By America Achieves Fellow Tony Cain

 
Cain and America Achieves Educator Voice Fellows connected with leaders at the Baton Rouge Community College Process Technology Center.

Cain and America Achieves Educator Voice Fellows connected with leaders at the Baton Rouge Community College Process Technology Center.

 
Cain works with America Achieves colleague Kristin Hollins to explore and define in-demand 21st century competencies.

Cain works with America Achieves colleague Kristin Hollins to explore and define in-demand 21st century competencies.

I remember when “career readiness” in Louisiana consisted of a large collection of VHS tapes that contained 15-minute vignettes of various entry-level jobs that non-college bound students could enter. The tapes were boring, the students hated watching them, and no training was given to them on how to be successful in the workplace.

Over the years, career readiness in Louisiana has evolved, but still lagged behind the needs of the students of Louisiana and its economy. This is why I applied to America Achieves’ Educator Voice Fellowship and was excited to be chosen to participate in developing the new Quest for Success curriculum.

The membership of our fellowship was diverse in every measurable way, but each participant had the same singular goal of providing a better opportunity for success for the students of Louisiana. I saw a wonderful group of educators from throughout Louisiana combine their experience and passion for children to create a course that will increase the size of the “work ready” labor pool in Louisiana.

Each of us who participated got to experience first-hand the different perspectives of various regions of the state through economic and educational lenses. Our visits with the various medium and large businesses from around the state allowed us to understand the skills our students needed to enter the workplace and be productive.

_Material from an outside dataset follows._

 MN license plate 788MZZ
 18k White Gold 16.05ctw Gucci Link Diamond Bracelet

By all accounts, we created a much better course and more opportunities for our students than what had previously existed. As I have traveled to various parts of the state to train teachers and administrators in Quest for Success, I consistently hear that the project-based learning approach that we implemented will be more interesting for the teachers and students, and create a higher level of student engagement. 

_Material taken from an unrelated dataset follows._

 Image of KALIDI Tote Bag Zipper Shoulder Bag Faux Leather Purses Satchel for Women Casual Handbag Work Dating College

An unintended outcome of the process is that a group of educators developed a network of friends and colleagues that have engaged regularly outside of the fellowship to collaborate on projects, ask for advice, or help each other fill staffing needs. All of which has bettered the educational opportunities of the students of Louisiana. 

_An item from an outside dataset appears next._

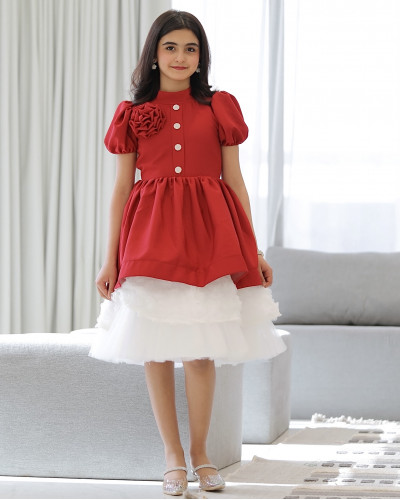 فستان بناتي أحمر بورده حمراء على الصدر - 913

The America Achieves Educator Voice Fellowship worked hard and continued the upward trajectory of aligning education with workforce needs. I am proud of my opportunity to participate and collaborate with a group of exceptional educators and am thankful for the many things each of them taught me.

Tony Cain is the Executive Director of Downsville Community Charter School. He has served as a school leader for 7 years. Prior to being appointed as a school leader, he served as a social studies teacher for 8 years and a publicly elected school board member for 12 years. Outside of his work in education he has served children as a member of the board of directors for Christopher House, an organization dedicated to helping children in crisis, young adults in transition, and the homeless. Additionally, he has served on the board of directors of local girls softball league.